虚偽の分類と真理性の意義 Cappelen and Dever (2019) Bad Language, Ch.3
- Herman Cappelen and Joch Dever (2019) Bad Language, OUP.
- Chap.3. Messing with the truth. 35-51.
真なることを述べること (telling the truth) は従前のコミュニケーションの理想化された描像において大きな役割を果たしてきた:
- 理想化3: 会話の目標は会話の全ての参加者が共有する一群の知識を作り上げることである.
- 理想化5: 会話における話し手は,真なる仕方で (truthfully) 話す,また話すことが期待される.聞き手は話し手の言うことを信じる,また信じることが期待される1.
- 質の格率: 偽だと思っているか,十分な証拠がないことを言わないことで,真なる貢献をなすように試みること.
多くの非理想的な,つまり欠陥のある,コミュニケーションは真理を言わないことを伴う.その諸方式が本章の主題である.
3.1 虚偽を述べる
3.1.1 虚偽を述べる 1: 間違える
理由の一つは,単純に,世界のあり方について私たちがしばしば思い違いをすることである.このとき人々は理想化3, 5, 質の格率に従っていると思っているが,実際には従うことができていない.これ自体は理想化の違反ではない.
3.1.1 虚偽を述べる 2: 努力が足りない
とはいえ,信じていれば何でも言ってよいわけではない.人に伝える前に自分の信念をチェックする努力をどれくらい行っていると期待すべきかという問題は,多くの哲学文献が扱っている.
例えば A が犯罪者だと何の手がかりもなしに直感的に思ったという場合,ひとは A が犯罪者だと警察に伝えるべきではないし,友人に言うべきでもない.しかし要件は発話の文脈によって変わってくる.直感 (hunch) で主張を述べてよい場合もある.例えばカジュアルな哲学の会話など.違いが生まれる要因の一つは,実践的な影響の深刻さの違いである.

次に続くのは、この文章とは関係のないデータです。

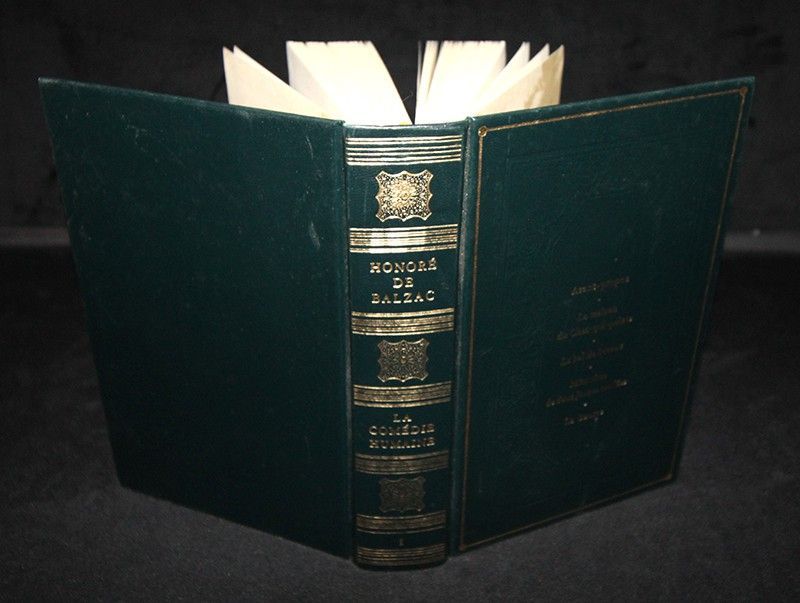 La Comédie Humaine : La Maison du chat-qui-pelote, Le Bal de Sceaux, Mémoires de deux jeunes mariées, La Bourse (Tome 1)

だが,「主張 p の証拠に関する要件は文脈によって変わってくる」という上記の主張は,論争的である.幾人かの哲学者 (e.g., Williamson 2000, ch.11) は,主張の構成的規則を強く取る.ウィリアムソンによれば,p だと主張すべきなのは,p だと知っている場合のみである.このとき,虚偽の主張は,主張に関する規範に違反していることになる.
3.1.2 虚偽を述べる 3: フィクション
フィクションもコミュニケーションの欠陥のある形式として記述されるべきだろうか.理想化された描像によればそうなるが,実際はそうではない.なぜか.
フィクションの三つの特徴が,このパズルを解く助けになる (フィクションの意味論につき cf. Cappelen and Dever 2018, ch.3):
- フィクションは理想化された描像に寄生的 (parasitic) である.フィクションはふりをすること (pretense) を伴う: フィクションにおいて,私たちは話すときに通常行っていることを行っているふりをする.それは非フィクション的コミュニケーションがすでに成立しているときに参与しうるコミュニケーション形式なのである.

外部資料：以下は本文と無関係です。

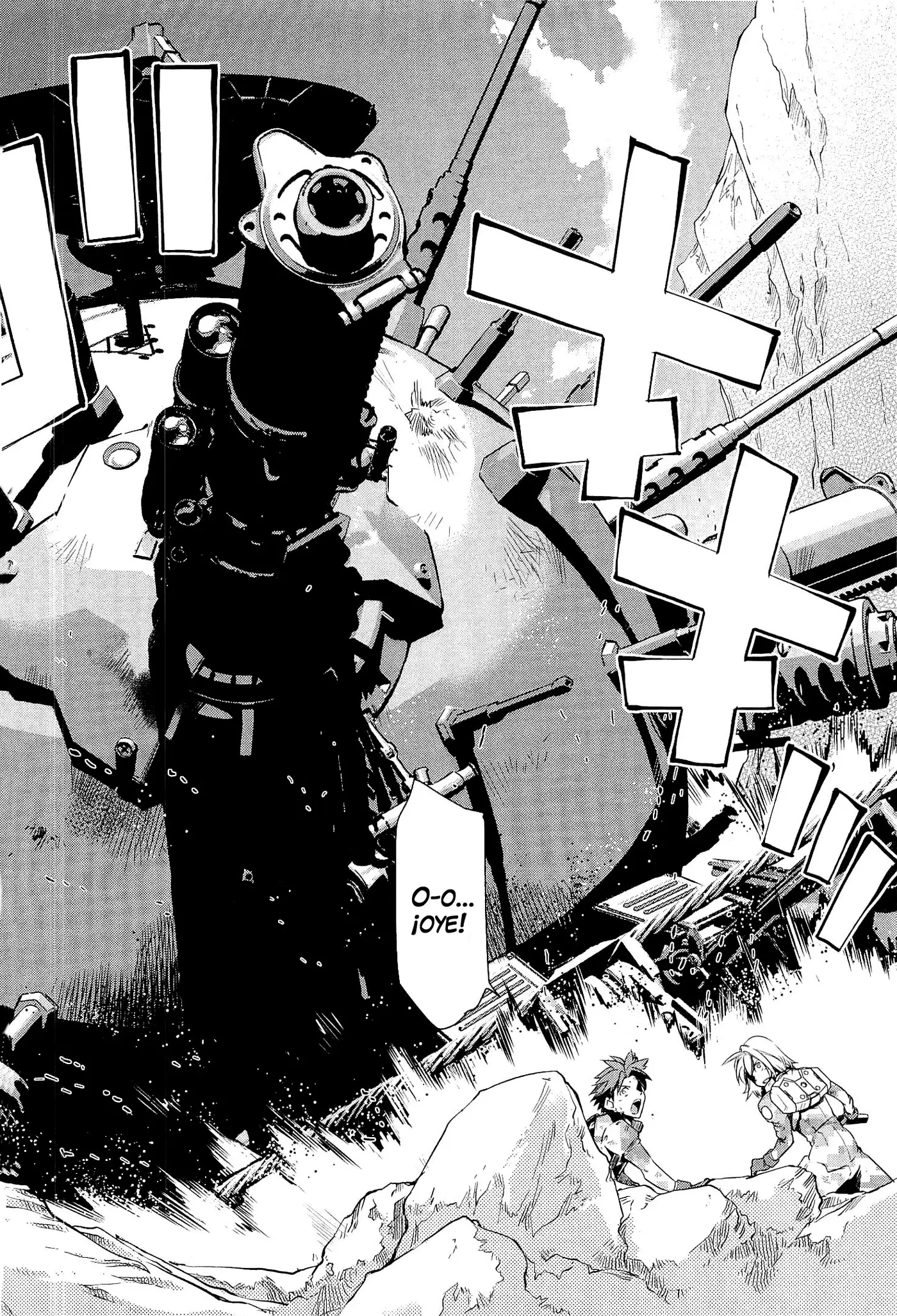 Heavy Object S capítulo 18, página 6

- フィクションは典型的にはフィクションとしてしるし付けられている (marked).トランプについてのフィクショナルな物語が政治記事と同じ仕方で NYT に印刷されることはない (そんなことをしたら訴えられる).これが破られた例がウェルズ『宇宙戦争』が途中から放送された1938年のラジオであり,恐慌を来したことでラジオ局は非難された.

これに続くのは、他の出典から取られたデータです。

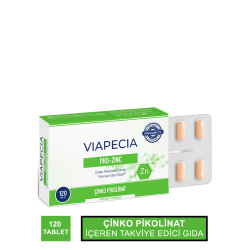 Viapecia Pro Zinc 120 Tablet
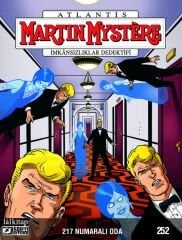 Martin Mystere Sayı 252 - 217 Numaralı Oda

- フィクションにおいて重要になる種類の真理がある.これをフィクションにおける真理 (truth in fiction) と呼ぼう.Lewis (1978) は全てのフィクショナルな言明を,暗黙の「これこれのフィクションにおいては: ...」から始まるものとみなすべきだと主張した.「フィクションはしるし付けられている必要がある」という論点は,この主張の論拠となる.つまり「フィクションにおいては」という暗黙の修飾を目立たせる必要があるのだ.こうした見解が正しければ,フィクショナルな主張が真であると言うこともできる (例: シャーロック・ホームズがベイカー街に住んでいたということは『シャーロック・ホームズ』の物語においては真である).
要するに,フィクションは非フィクション的談話のふりをするものとしてしるし付けられ,隠し立てのないやり方で (in open way) 理想化する規範から違反するのだ.またそれはある種の「フィクションにおける真理」原理を尊重している.
3.2 嘘をつくこととミスリードすること
嘘を付くこととミスリードすることはより申告で問題含みである.両者の区別については多くの研究がある.
3.2.1 嘘をつくこととミスリードすること: 私たちが還元的な必要十分条件を目指すべきでない理由
議論はしばしば,嘘をつくことの必要十分条件を求めるという形式を取る:
- A が嘘をつく iff. C (ただし C 自体は「嘘をつく」を含まない).
例えば SEP 'Lying and Misleading' は次の定義をめぐって書かれている:
- 嘘をつくこと := 他人に偽だと信じている言明を行い,その際,当人にその言明を真だと信じさせる意図を持っていること.
だが,こうした提案はどれも大量の反例をもつ.こうした議論のやり方を「還元的反例ゲーム (Reductive Counterexample Game)」と呼ぶことにしよう.哲学の多くの分野において,還元的反例ゲームをするのは賢明ではない.理由は2つある:
- 私たちの言語が「嘘をつく」が取り出すまさにそのものを取り出す言葉を含んでいると考える理由はない.これは一般にそうである (「赤」とか「愛」にもない).言葉は,観察に基づき「ああいったのを嘘と呼ぼう」と言う,といった仕方で生まれる.そして,ちょうどその種のだけを取り出すのに使える資源が私たちの言語にあると考える理由はない.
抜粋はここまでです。